The impacts on basic needs — food and medical care — underscored how the impasse is hitting homes across the United States. The Trump administration’s plans to freeze payments to the Supplemental Nutrition Assistance Program on Saturday were halted by federal judges, but the delay in payouts will still likely leave millions of people short on their grocery bills.

It all added to the strain on the country, with a month of missed paychecks for federal workers and growing air travel delays. The shutdown is already the second longest in history and entered its second month on Saturday, yet there was little urgency in Washington to end it, with lawmakers away from Capitol Hill and both parties entrenched in their positions.

The House has not met for legislative business in more than six weeks, while Senate Majority Leader John Thune closed his chamber for the weekend after bipartisan talks failed to achieve significant progress.

Thune said he is hoping “the pressure starts to intensify, and the consequences of keeping the government shut down become even more real for everybody that they will express, hopefully new interest in trying to come up with a path forward.”

The stalemate appears increasingly unsustainable as Republican President Donald Trump demands action and Democratic leaders warn that an uproar over rising health insurance costs will force Congress to act.

“This weekend, Americans face a health care crisis unprecedented in modern times,” Senate Democratic leader Chuck Schumer of New York said this week.

The Department of Agriculture planned to withhold payments to the food program on Saturday until two federal judges ordered the administration to make them. Trump said he would provide the money but wanted more legal direction from the court, which will not happen until Monday.

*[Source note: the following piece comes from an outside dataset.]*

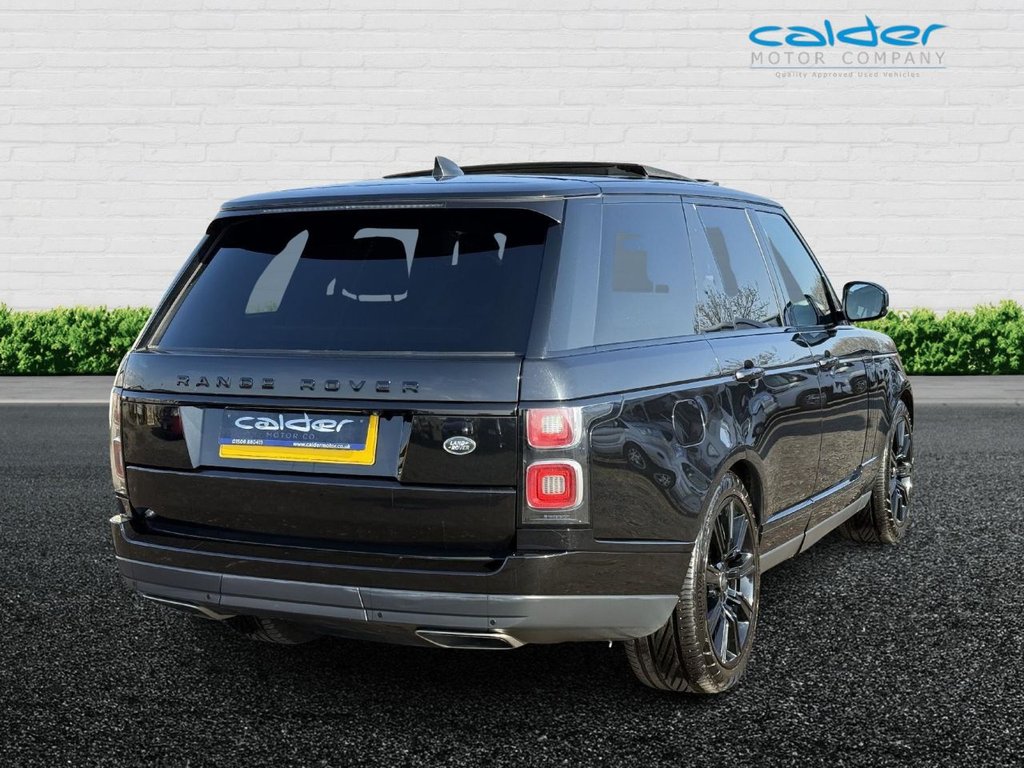 Used Land Rover Range Rover 2020 for sale - 77614178: Photo 13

The program serves about 1 in 8 Americans and costs about $8 billion per month. The judges agreed that the USDA needed to at least tap a contingency fund of about $5 billion to keep the program running. But that left some uncertainty about whether the department would use additional money or only provide partial benefits for the month.

Benefits will already be delayed because it takes a week or more to load SNAP cards in many states.

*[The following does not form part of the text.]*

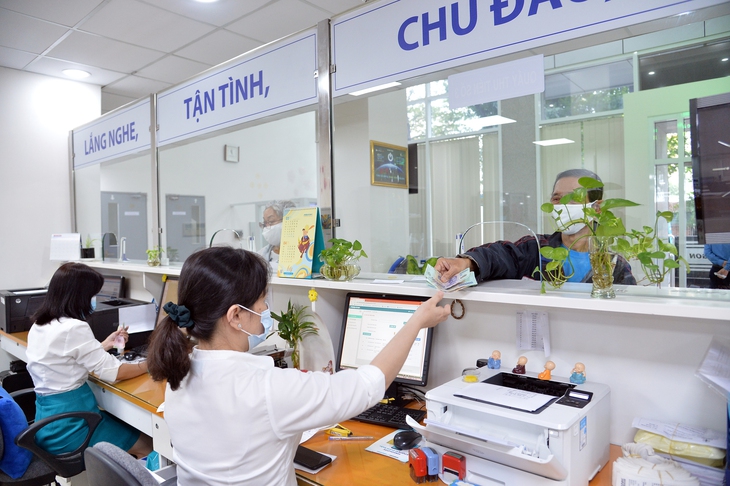 giá điện - Ảnh 2.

“The Trump administration needs to follow the law and fix this problem immediately by working closely with states to get nutritional assistance to the millions who rely on it as soon as possible,” House Democratic leader Hakeem Jeffries of New York said in a statement following the ruling.

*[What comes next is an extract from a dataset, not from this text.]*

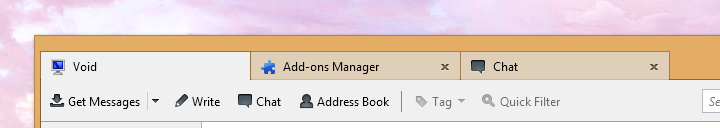 Thunderbird for Windows 8\10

Republicans, in responding to Democratic demands to fund SNAP, say the program is in such a dire situation because Democrats have repeatedly voted against a short-term government funding bill.

“We are now reaching a breaking point thanks to Democrats voting no on government funding, now 14 different times,” House Speaker Mike Johnson said at a news conference Friday.

The annual sign-up period for the Affordable Care Act health insurance also begins Saturday, and there are sharp increases in what people are paying for coverage. Enhanced tax credits that help most enrollees pay for the health plans are set to expire next year.

Democrats have rallied around a push to extend those credits and have refused to vote for government funding legislation until Congress acts.

Sen. Patty Murray spoke on the Senate floor this week about constituents who she said face premium increases of up to $2,000 a month if the credits expire.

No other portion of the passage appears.